All mortgage applicants need to provide proof of income because lenders need to know there's limited risk to providing the borrower money. Specifically, they want assurance that income will be high enough and consistent enough to make regular payments. Tax documents, such as W-2 forms, are the easiest way to prove this, but other options are available too.

A History of Income

Lenders generally want to see two years of self-employment income in the same industry to see annual trends. Newly self-employed people can sometimes provide W-2s from one year prior, but it's only advantageous to the borrower if their self-employed income is the same or higher than the year before. Banks understand that there can be some fluctuation in self-employment income, but it may appear as a red flag if income trends downwards year over year.

Cash Reserves

Borrowers who can show significant cash reserves have a big advantage. It provides a resource to make the payment if income drops off at any point.

Credit History

Credit scores impact all homebuyers, but they become even more critical when income is variable. Significant issues such as foreclosures, delinquencies, and bankruptcies increase the lender's risk and make them less inclined to offer a mortgage.

Stability of Business

Lenders want to know whether the borrower's business can make money now and continue to make money in the future. They'll look at the location, the financial strength of the business, and the prospects for the industry it competes in.
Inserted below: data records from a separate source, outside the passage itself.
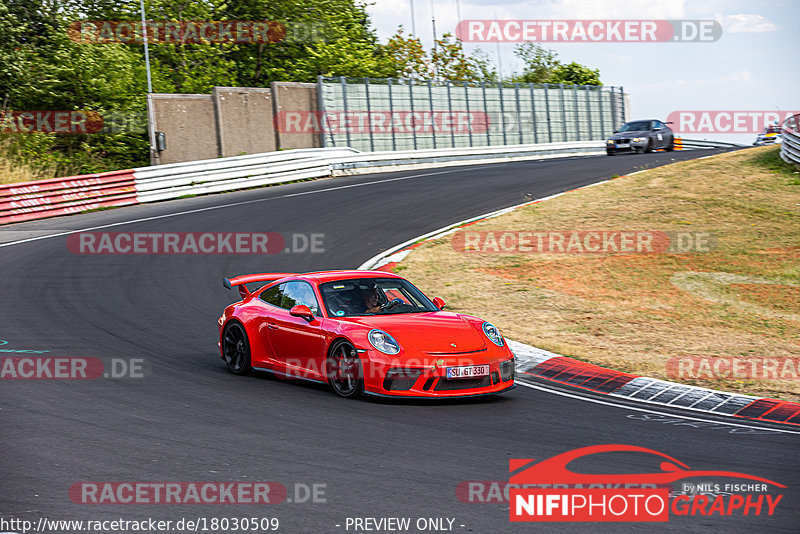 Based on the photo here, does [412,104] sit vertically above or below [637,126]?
above

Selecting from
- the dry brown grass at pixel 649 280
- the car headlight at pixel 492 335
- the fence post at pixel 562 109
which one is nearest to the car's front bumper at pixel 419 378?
the car headlight at pixel 492 335

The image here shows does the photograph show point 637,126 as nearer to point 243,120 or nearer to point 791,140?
point 791,140

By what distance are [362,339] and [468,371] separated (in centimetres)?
108

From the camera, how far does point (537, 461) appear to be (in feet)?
21.3

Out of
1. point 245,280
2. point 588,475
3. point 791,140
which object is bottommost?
point 588,475

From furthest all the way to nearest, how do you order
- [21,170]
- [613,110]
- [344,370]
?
→ [613,110] < [21,170] < [344,370]

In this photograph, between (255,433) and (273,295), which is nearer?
(255,433)

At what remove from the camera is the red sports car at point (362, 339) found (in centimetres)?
846

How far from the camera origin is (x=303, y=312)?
913 centimetres

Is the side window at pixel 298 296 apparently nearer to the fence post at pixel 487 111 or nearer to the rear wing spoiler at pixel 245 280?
the rear wing spoiler at pixel 245 280

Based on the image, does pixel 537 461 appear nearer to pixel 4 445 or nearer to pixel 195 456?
pixel 195 456

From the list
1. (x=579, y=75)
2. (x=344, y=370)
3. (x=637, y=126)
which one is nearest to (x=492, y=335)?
(x=344, y=370)

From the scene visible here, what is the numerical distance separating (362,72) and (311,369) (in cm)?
3720

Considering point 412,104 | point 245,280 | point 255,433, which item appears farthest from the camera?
point 412,104
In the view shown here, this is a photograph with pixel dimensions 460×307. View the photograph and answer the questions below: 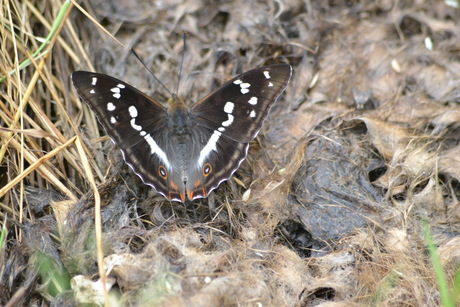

Debt-To-Income Ratio (DTI)

This is the ratio of monthly debt payments – mortgage, car loans, credit cards, and personal loans – to monthly income. Tools like the 28/36 rule of housing expenses provide a helpful framework for establishing a healthy debt-to-income ratio. This can create a problem for those who deduct depreciation or a portion of personal expenses. It decreases tax liability and makes monthly income look less than what the applicant has to spend.

What Documentation Do Self-Employed Mortgage Applicants Need?

Documentation that a mortgage lender asks for may include:

  • Two years of personal tax returns
  • Two years of business tax returns
  • Business and personal bank statements
  • Statements from other assets such as investment accounts and retirement accounts
  • A list of both personal and business debts and expenses
  • Any additional income such as social security, disability, or IRA withdrawals

How To Prepare To Apply for a Mortgage

Anyone who is self-employed and is even thinking about buying a home should adopt mortgage-friendly practices well before actually home-shopping. Examples of this are:

  • Establish a track record of self-employment. As much as possible, work steadily and avoid gaps in earnings.
  • Improve the credit score. Check the credit reports and correct any problems. Avoid new loans or cards as the mortgage application date draws close. Pay down debt as much as possible.
  • Build cash reserves by saving money. This also allows for a larger down payment and a more favorable interest rate.
  • Maintain clean business records. Keep business and personal expenses separate. Maintain separate credit cards. Paying for office equipment with a personal card could increase the utilization and lower the credit score.

A Mortgage Is In Reach For All

Mortgage lenders are incentivized to work with self-employed mortgage borrowers and understand how to evaluate self-employed people's income and financial status. It takes more preparation and documentation for a self-employed applicant, but plenty of banks are eager to work with them.

For informational purposes only. Always consult with a licensed mortgage or home loan professional before proceeding with any real estate transaction.